## Sentiment Analysis - Amazon baby data

In [1]:
import pandas as pd

In [3]:
products = pd.read_csv(f"D:/Docs/amazon_baby.csv")
#products = pd.read_csv(f"D:/SYED/data/amazon_baby.csv")

In [4]:
products.columns

Index(['name', 'review', 'rating'], dtype='object')

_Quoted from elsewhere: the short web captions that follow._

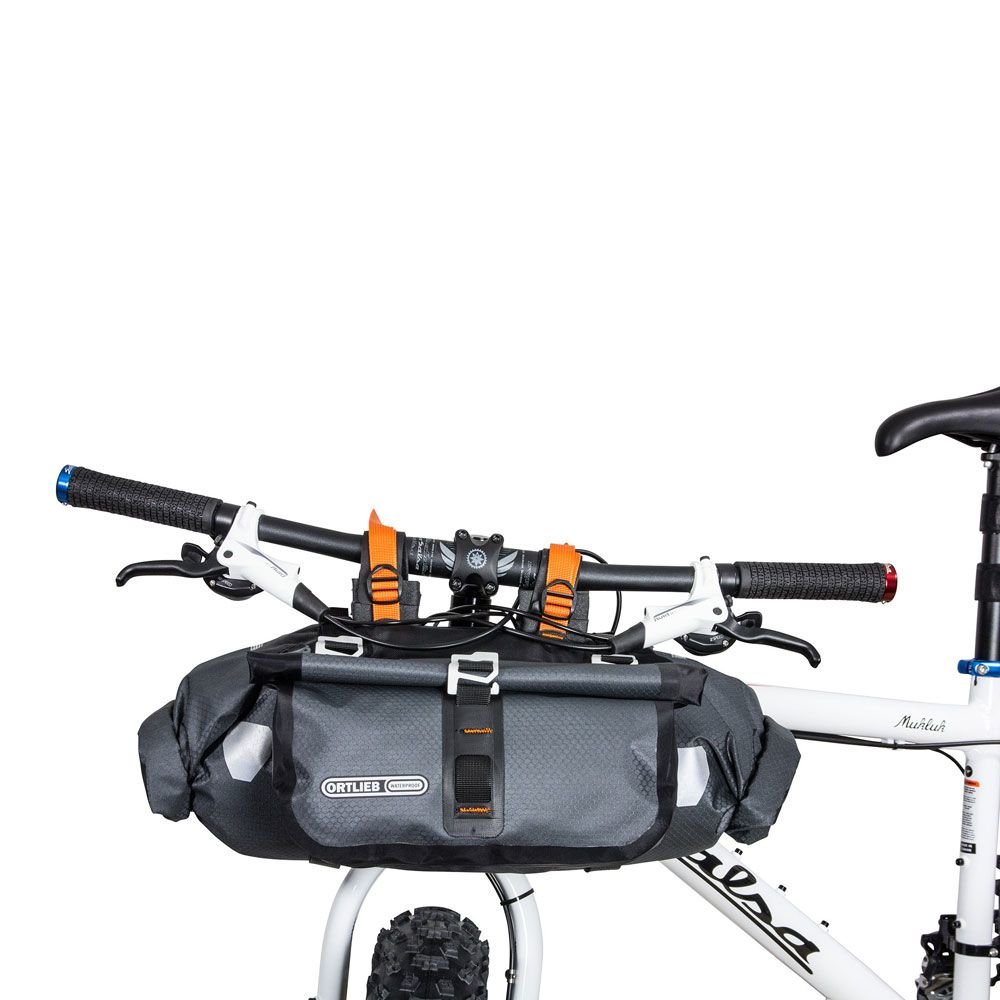 Fahrrad Hübel Bonn Beuel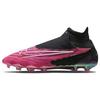 New Gripknit Phantom Gx Elite Dynamic Fit Fg Hyper Pink DC9969-610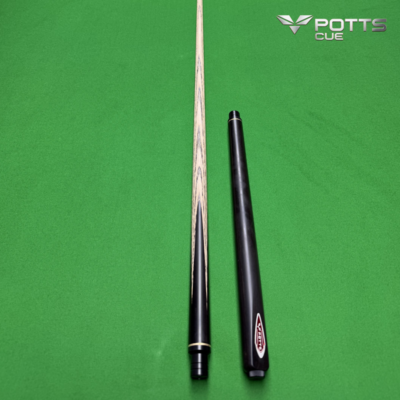 Potts Cue W61250388735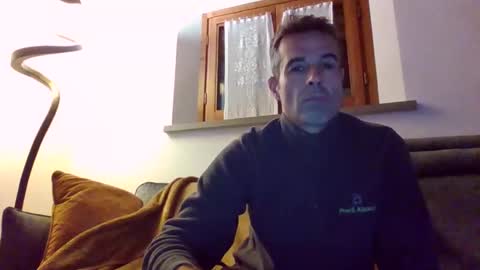 Italiandaddyitalydickassbottomassholecomshowmasturbatenudeboyitalyatleticcutemuscolarhardcockdickboy online show from 10/19/25, 08:31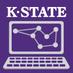 KState IMSE Dept. (@kstateimse) Twitter profile photo KState IMSE Dept. (@kstateimse) Twitter profile photo
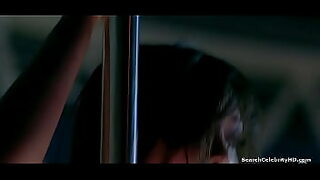 10 sec tamil sexy girl sandhiya cheated by lover most hot video 5min 1080p 655746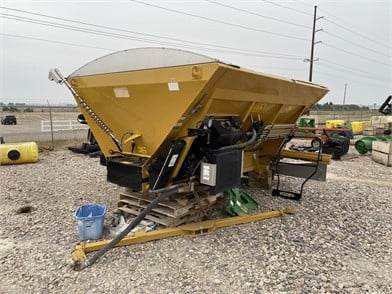 Challenger NL4330G4 Edge Row Crop System Service Manual Download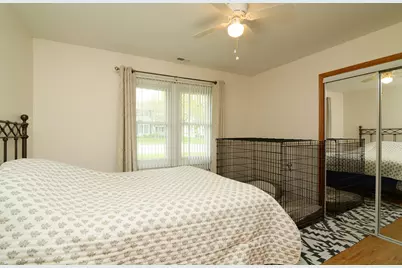 985 Idaho Street, Carol Stream, IL 60188 - Photo 12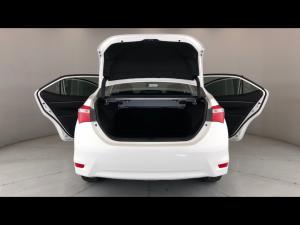 Toyota Corolla Quest 1.8 Exclusive - Image 20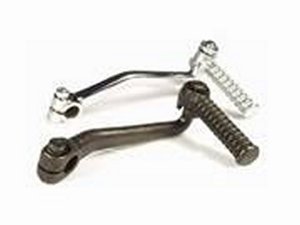 Kickstarter GILERA Runner FX / FXR TPH / TPH-X / PIAGGIO...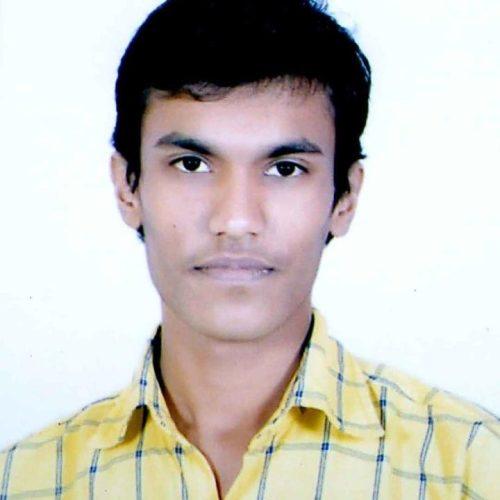 Vinay Maheshwari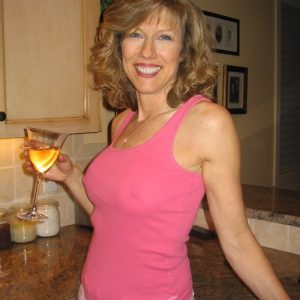 Elodie - rencontre-Cougar-Lille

## Remove the NAN values in review column

In [5]:
products = products.fillna({'review':''})  # fill in N/A's in the review column
products['review'].isnull().values.any()

False

## Remove punctuation marks

In [6]:
import string
products['review_clean'] = products['review'].apply(lambda x: x.translate(str.maketrans('', '', string.punctuation)))

In [7]:
products.head(5)

Unnamed: 0,name,review,rating,review_clean
0,Planetwise Flannel Wipes,"These flannel wipes are OK, but in my opinion ...",3,These flannel wipes are OK but in my opinion n...
1,Planetwise Wipe Pouch,it came early and was not disappointed. i love...,5,it came early and was not disappointed i love ...
2,Annas Dream Full Quilt with 2 Shams,Very soft and comfortable and warmer than it l...,5,Very soft and comfortable and warmer than it l...
3,Stop Pacifier Sucking without tears with Thumb...,This is a product well worth the purchase. I ...,5,This is a product well worth the purchase I h...
4,Stop Pacifier Sucking without tears with Thumb...,All of my kids have cried non-stop when I trie...,5,All of my kids have cried nonstop when I tried...


### Remove rating of 3

In [8]:
products = products[products['rating'] != 3]

In [9]:
products.head(3)

Unnamed: 0,name,review,rating,review_clean
1,Planetwise Wipe Pouch,it came early and was not disappointed. i love...,5,it came early and was not disappointed i love ...
2,Annas Dream Full Quilt with 2 Shams,Very soft and comfortable and warmer than it l...,5,Very soft and comfortable and warmer than it l...
3,Stop Pacifier Sucking without tears with Thumb...,This is a product well worth the purchase. I ...,5,This is a product well worth the purchase I h...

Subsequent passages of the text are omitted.